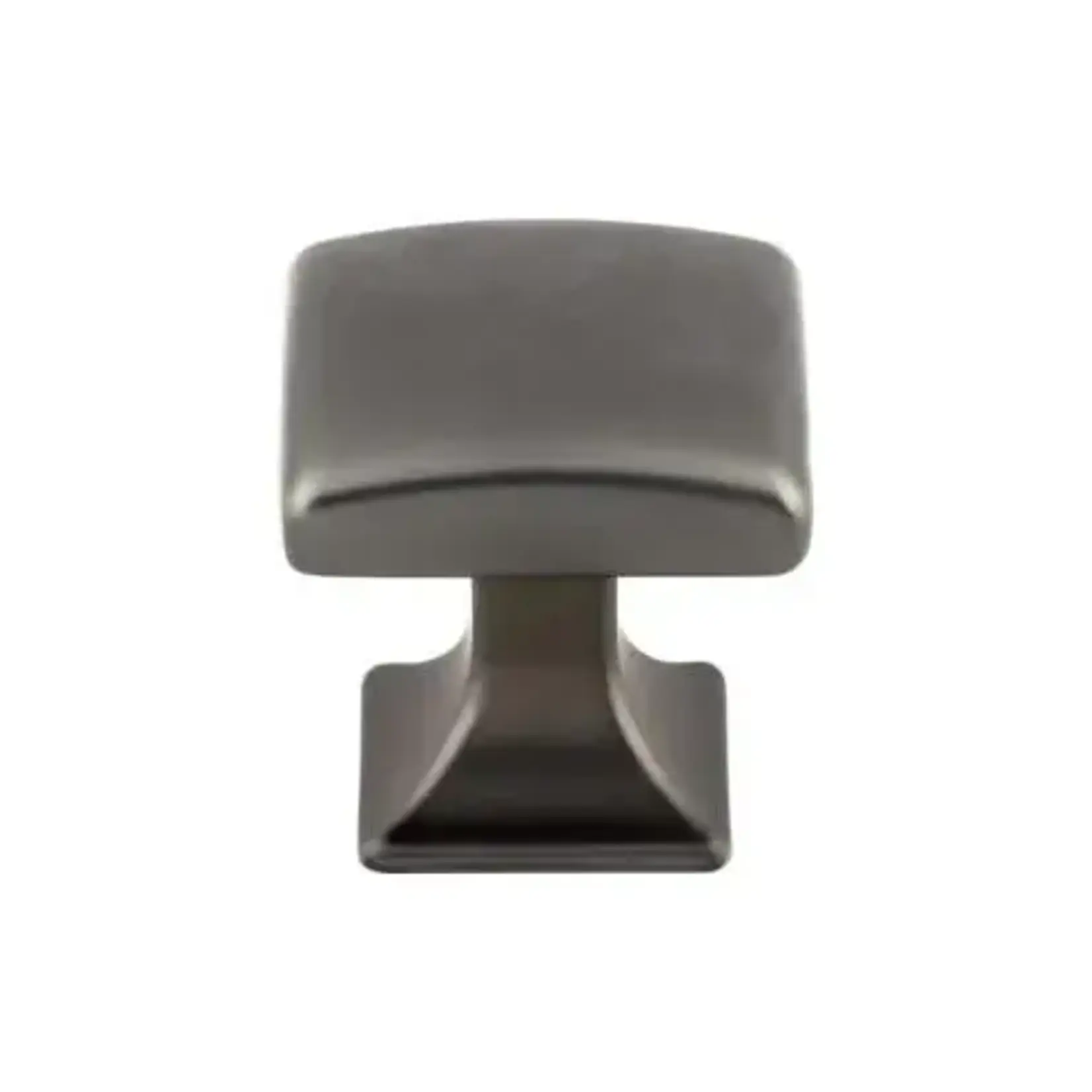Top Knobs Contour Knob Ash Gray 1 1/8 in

---

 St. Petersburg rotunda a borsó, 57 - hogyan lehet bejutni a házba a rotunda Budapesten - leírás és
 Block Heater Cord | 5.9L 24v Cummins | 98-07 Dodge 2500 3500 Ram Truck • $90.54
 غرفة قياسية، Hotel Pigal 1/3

Exercise objective:
Please give again the lines above between the line holding "Block Heater Cord" and the line holding "غرفة قياسية، Hotel Pigal 1/3", inclusive, exactly as they are and with nothing added.

Response area:
 Block Heater Cord | 5.9L 24v Cummins | 98-07 Dodge 2500 3500 Ram Truck • $90.54
 غرفة قياسية، Hotel Pigal 1/3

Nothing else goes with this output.